Thankfully, Nora can’t hear very well so she didn’t comprehend all of Aaron’s muttered comments. But she heard enough to know that he was displeased with her being there. One thing led to another, and by the time we sat down to watch Wheel of Fortune (of course!), Aaron had had enough. It was not a pleasant scene as he fought over keeping the remote, paced the floor like a wild animal, and was very verbal. Finally, he yelled at Nora with all his might and stormed outside…..where he sat in the mulch to wind down. He sat under the pecan tree, where he never sits, but where he was more hidden and farther from the house…..and from his problems.
Again, our friend understood…..but I knew she was hurt. We were hurt…..and terribly embarrassed. It was the worst display of anger toward a visitor that we had ever seen. Aaron came in and out of the house, even watching the last few minutes of Wheel of Fortune from the kitchen, standing there gazing at the television but not talking to us. When I walked Nora home, Aaron sat under the pecan tree still breaking mulch…..and glaring silently at me when I walked past him to go home. Later that night, we were able to talk to Aaron about friendships…..about how to treat our friends…..about how we treat his friends. I think we made some headway as we compared our friends to his special Rosie, and the importance of being polite and kind. What if we were mean to Rosie, we asked? That thought seemed to register with him.

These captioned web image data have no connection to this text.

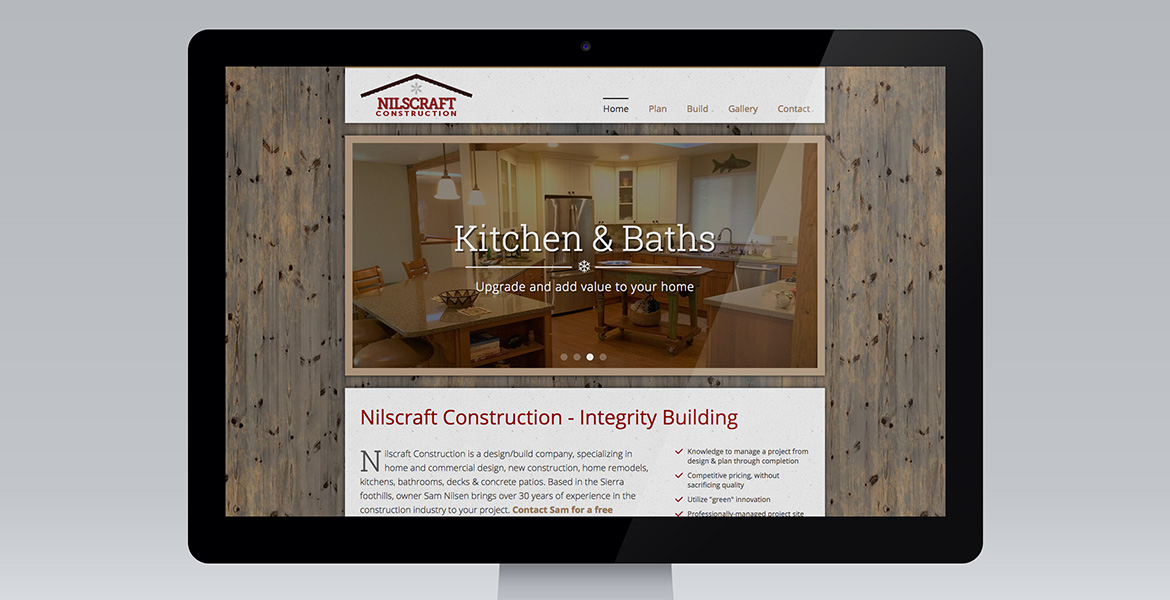 Nilscraft Construction 'Home' page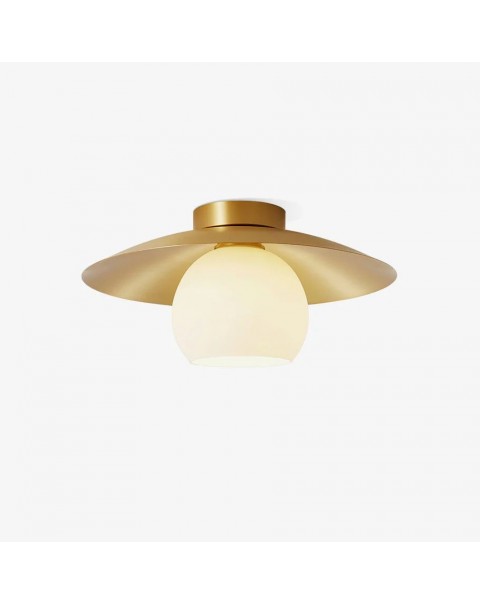 Scandinavian brass glass ceiling light foyer entry corridor aisle light retro balcony cloakroom flower light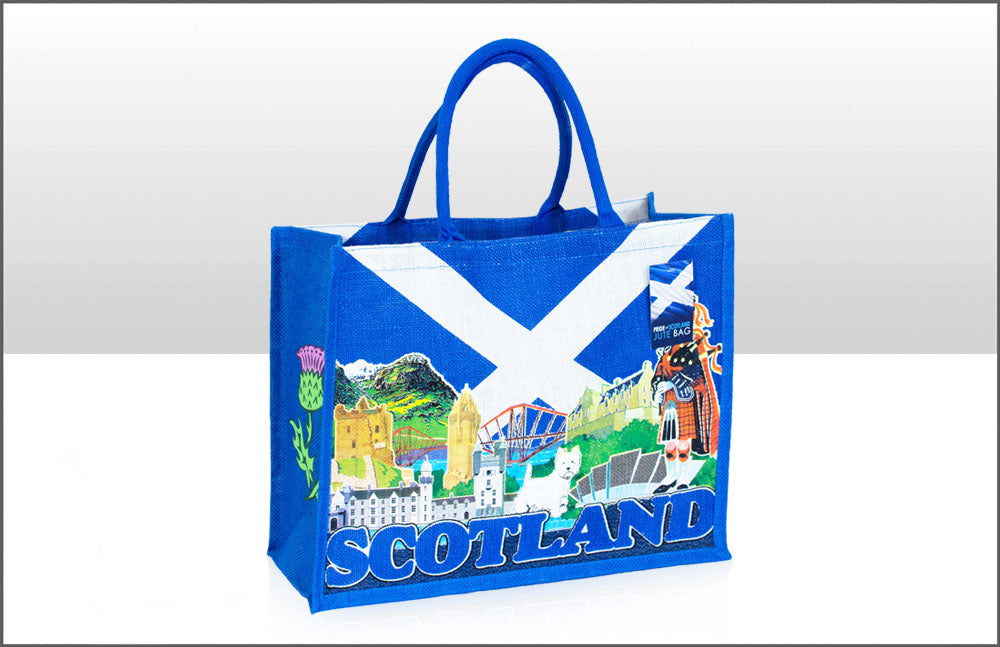 Scotland Skyline Jute Bag With Gusset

But who knows what will happen when Aaron is once again pulled from his routine? We might see when Kristi comes back this Thursday night, brave soul that she is. Aaron wants everything to stay the same in his world, and he will react strongly to whatever disrupts that sameness…..whether it be an event or a person. Aaron doesn’t care if he hurts with his words. He just wants his life to be the way he likes it. I can say that he is selfish, rude, inappropriate…..lots of undesirable traits…..but I can also say with confidence that he is autistic and that we see it more clearly with every passing year. What registers with our brains does not register with his. What we can control, he cannot. If he fell down into a seizure, we would be so empathetic. But when he falls into an emotional meltdown, empathy becomes anger and embarrassment. Yet both scenarios are an evidence of his disability……and a struggle for us to always understand and handle correctly.
And I realize that I will always be that mom……THAT mom……who tries to explain his behaviors while wondering if I’m sounding like I’m trying to excuse them. There’s a huge difference there in the two. Explaining means we grasp at understanding. Excusing means we dismiss with no repercussions. But in explaining I feel that we sound like we we’re excusing. It gets complicated.
So this morning Aaron got up very early for him. He came up the hall and into the room where I was having my quiet time. He just stood there behind my chair, looking at me, so I said, “Aaron, you need to go back to bed. It’s just 6:00.”
“6:11,” he said with no emotion.
And another day with Aaron has begun, as I smile…..and see what the day will hold.